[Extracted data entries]
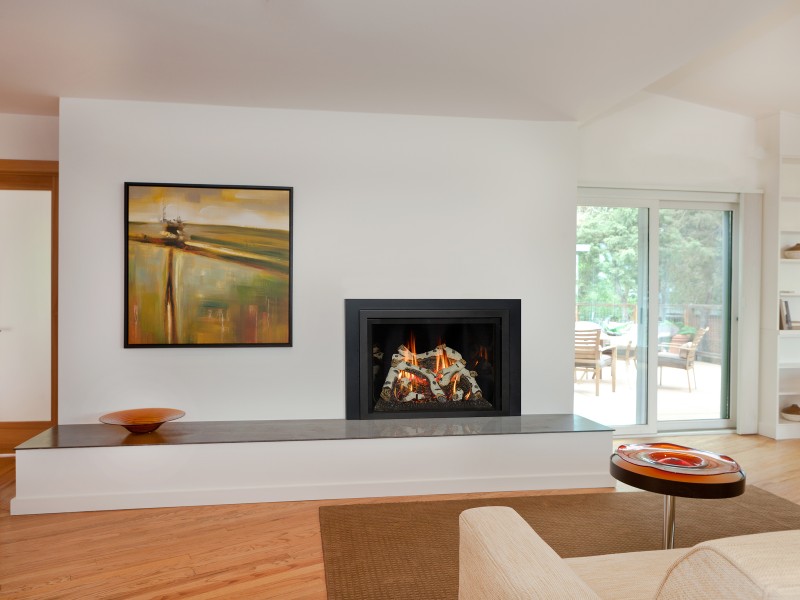 vented gas fireplace insert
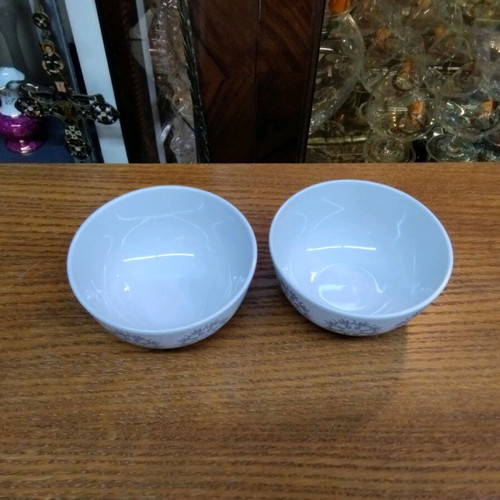 Christmas serving bowls new, set of 2 pieces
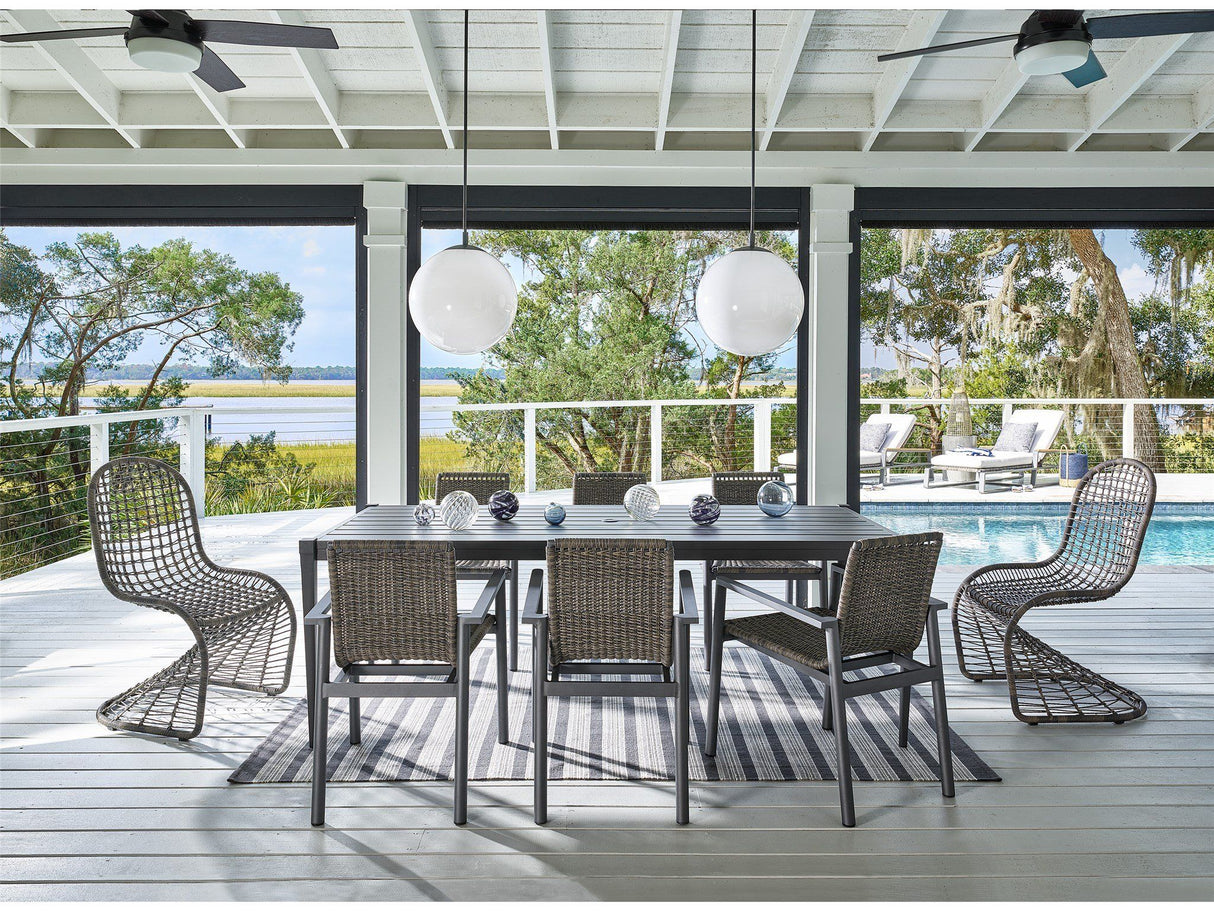 Coastal Living Outdoor - Del Mar Dining Chair - Dark Brown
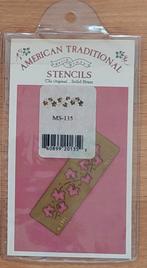 American Traditional Stencil - Klimop, Hobby en Vrije tijd, Kaarten | Zelf maken, Ophalen of Verzenden, Nieuw, Overige thema's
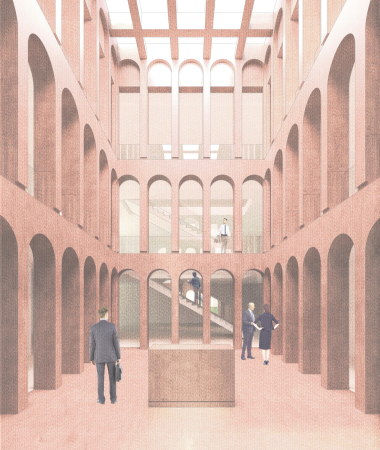 Wettbewerb, 2017, Bundesamt fr Strahlenschutz, Glass Kramer Lbbert, gmp, Volker Staab, Max Dudler, Fritsch, Tschaidse Architekten, mtp, sinning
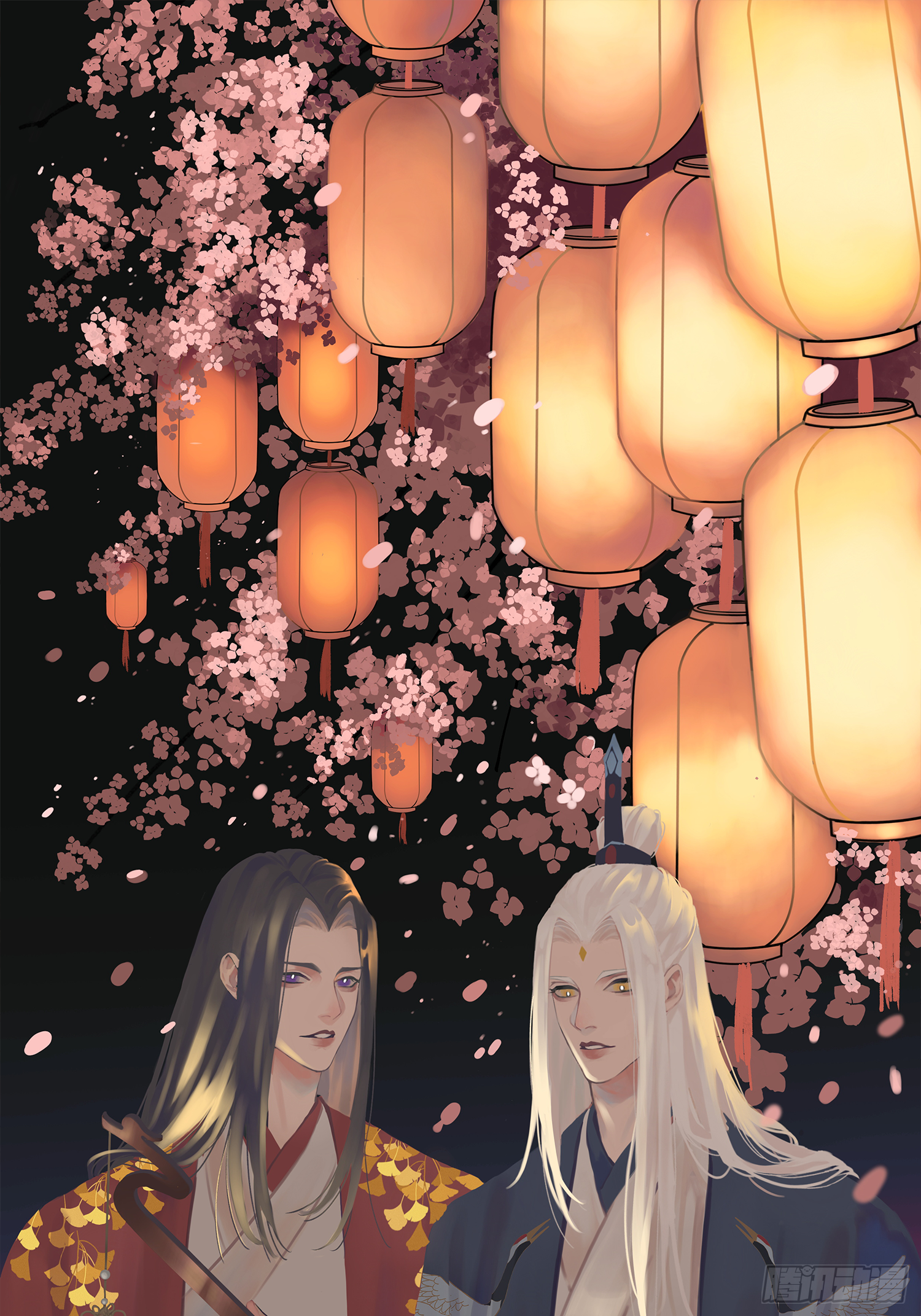 雨中声30-孤男寡龙之夜(1/2)-第119话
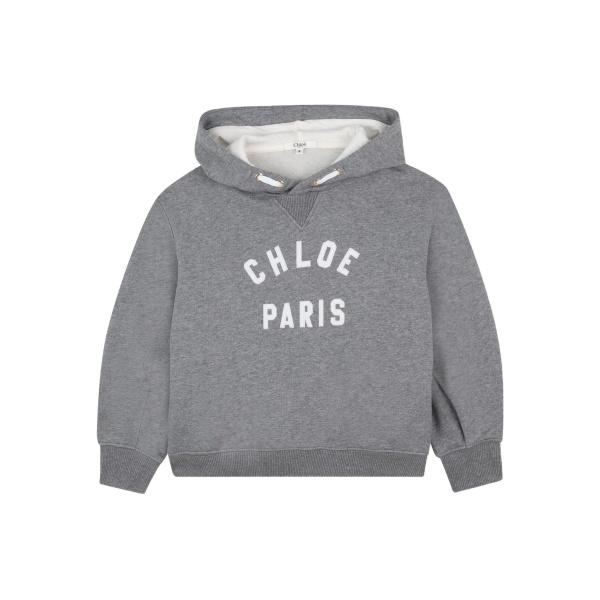 logo-print hoodie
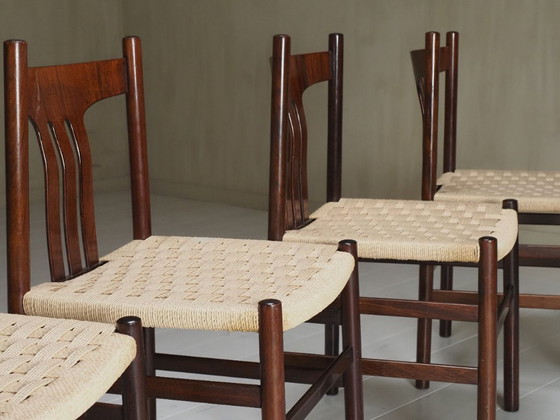 Image 1 of ensemble de chaises danoises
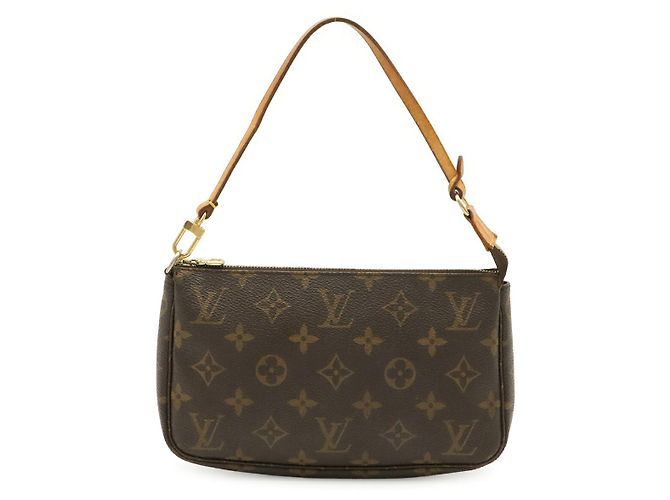 Louis Vuitton Pochette Accessoires Marron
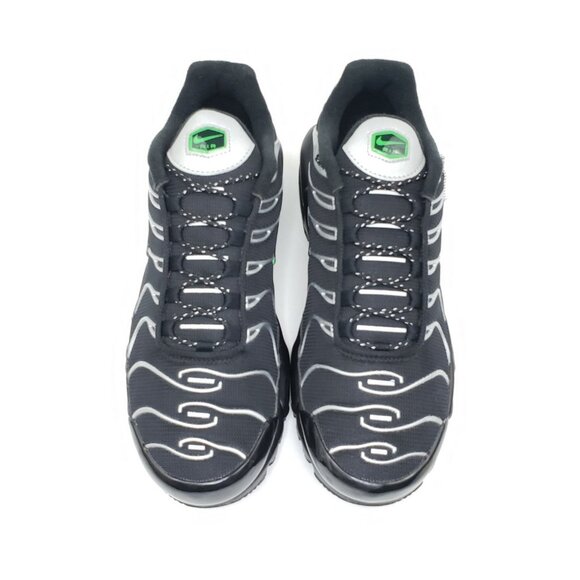 Nike Air Max Plus TN Black Silver Green DR0139-001 Men’s 8.5 w/ Nike Box main image 9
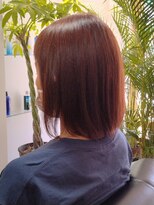 ヘアーパズル(HAIR PUZZLE)&nbsp;ナチュラルボブスタイル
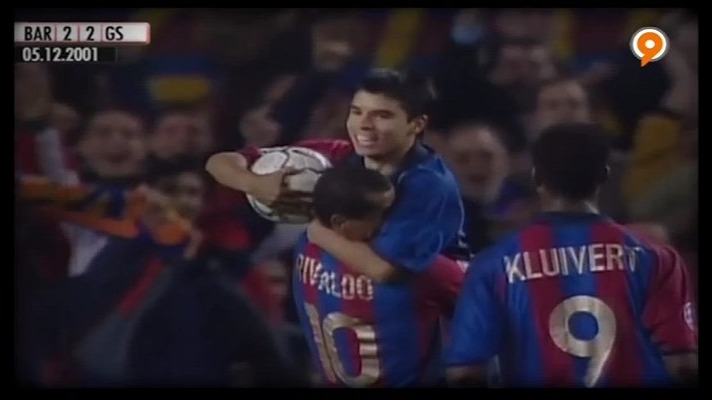 فوتبال 120/ نوستالژی؛ بارسلونا 2-2 گالاتاسرای (سال 2001)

#### [Exercise description]
Nothing in the records should be changed in the copy, but the pictures must be left out.

#### [Solution to this problem]
 vented gas fireplace insert
 Christmas serving bowls new, set of 2 pieces
 Coastal Living Outdoor - Del Mar Dining Chair - Dark Brown
 American Traditional Stencil - Klimop, Hobby en Vrije tijd, Kaarten | Zelf maken, Ophalen of Verzenden, Nieuw, Overige thema's
 Wettbewerb, 2017, Bundesamt fr Strahlenschutz, Glass Kramer Lbbert, gmp, Volker Staab, Max Dudler, Fritsch, Tschaidse Architekten, mtp, sinning
 雨中声30-孤男寡龙之夜(1/2)-第119话
 logo-print hoodie
 Image 1 of ensemble de chaises danoises
 Louis Vuitton Pochette Accessoires Marron
 Nike Air Max Plus TN Black Silver Green DR0139-001 Men’s 8.5 w/ Nike Box main image 9
 ヘアーパズル(HAIR PUZZLE)&nbsp;ナチュラルボブスタイル
 فوتبال 120/ نوستالژی؛ بارسلونا 2-2 گالاتاسرای (سال 2001)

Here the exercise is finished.